A proteína é indispensável para ganhar massa muscular e manter a saúde, mas consumir em excesso não garante mais benefícios. Na verdade, segundo especialistas, a qualidade das fontes e as necessidades de cada organismo são o que realmente importam.

Segundo profissional, apesar da fama de aliada dos músculos, a proteína exige atenção à quantidade e à qualidade consumida
Segundo profissional, apesar da fama de aliada dos músculos, a proteína exige atenção à quantidade e à qualidade consumida
Foto: yulka3ice/Getty Images / Perfil Brasil

Um estudo da Universidade de Pittsburgh, realizado em 2024 e publicado na Nature Metabolism, apontou ainda possíveis impactos negativos do consumo excessivo do nutriente. Para explicar como encontrar um equilíbrio, a diretora técnica do Emagrecentro, Dra. Sylvia Ramuth, destaca os principais fatores que merecem atenção.

Qualidade importa tanto quanto quantidade

Alimentos de origem animal, como ovos, peixes, carnes magras e laticínios, fornecem proteína. Opções vegetais, como soja, lentilhas e quinoa, também oferecem o nutriente. Algumas pessoas ainda recorrem ao whey protein.

Cada fonte, contudo, apresenta uma composição diferente de aminoácidos, e o organismo não aproveita todas da mesma forma. Segundo Ramuth, a qualidade proteica depende da quantidade e da proporção desses aminoácidos, além da capacidade de digestão e aproveitamento pelo corpo.

Fontes de maior qualidade oferecem os aminoácidos necessários para construir e reparar tecidos, além de produzir enzimas e hormônios.

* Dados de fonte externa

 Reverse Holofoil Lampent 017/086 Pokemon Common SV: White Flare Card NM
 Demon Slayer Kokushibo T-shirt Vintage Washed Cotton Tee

Como o organismo as aproveita melhor, quantidades menores podem atender às necessidades diárias. "Apesar de proteínas de baixa qualidade não fornecerem todos os aminoácidos importantes em proporções ideais, podem ser combinadas para formar uma completa", reforça.

Quanto de proteína consumir?

A quantidade ideal, conforme aponta a especialista, varia de acordo com o estilo de vida e as características de cada pessoa, considerando fatores como idade, sexo e nível de atividade física.

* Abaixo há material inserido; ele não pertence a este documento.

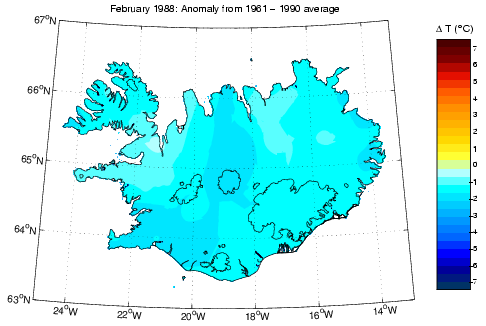 Frávik frá meðalhita í febrúar 1988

Para adultos sedentários, a médica indica cerca de 0,8 grama de proteína por quilo de peso corporal. Já para pessoas mais ativas, esse volume pode variar entre 1,2 e 2,0 gramas por quilo. Idosos, gestantes e lactantes também apresentam necessidades específicas, que costumam oscilar entre 1,2 e 1,5 grama por quilo.

Esses valores servem apenas como referência geral e não constituem uma regra fixa. A avaliação individual com um profissional é indispensável para determinar o consumo adequado.

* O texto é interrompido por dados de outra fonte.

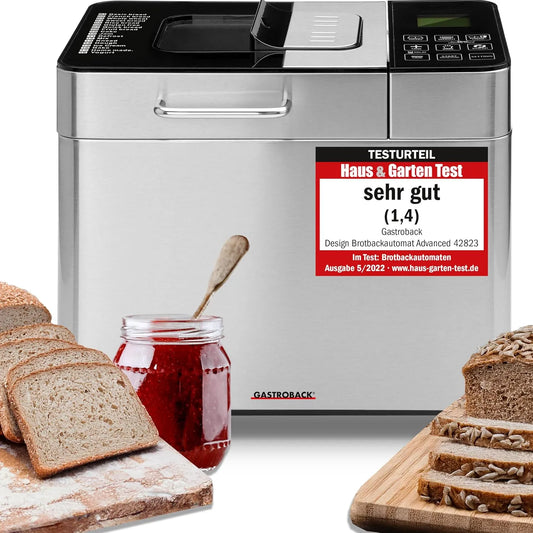 Advance GASTROBACK Brotbackautomat, Zutatenfach, Brotautomat, Vollautomatische Brotbackmaschine + 18 Programmen inklusive. Joghurtmaschine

Quais fontes de proteína priorizar?

Quando a pessoa precisa aumentar o consumo de proteína, a escolha dos alimentos ganha ainda mais importância. Ramuth recomenda priorizar ovos, peixes, carnes magras e laticínios, especialmente durante o crescimento, a recuperação de lesões ou a prática intensa de exercícios.

Ainda assim, a alimentação não deve se concentrar apenas nesse macronutriente. Uma dieta equilibrada também precisa incluir outros nutrientes importantes para o organismo. Entre eles estão as gorduras consideradas boas. "Gorduras benéficas, como ômega 3 e ômega 6, são fundamentais para o bom funcionamento do corpo", conclui Ramuth.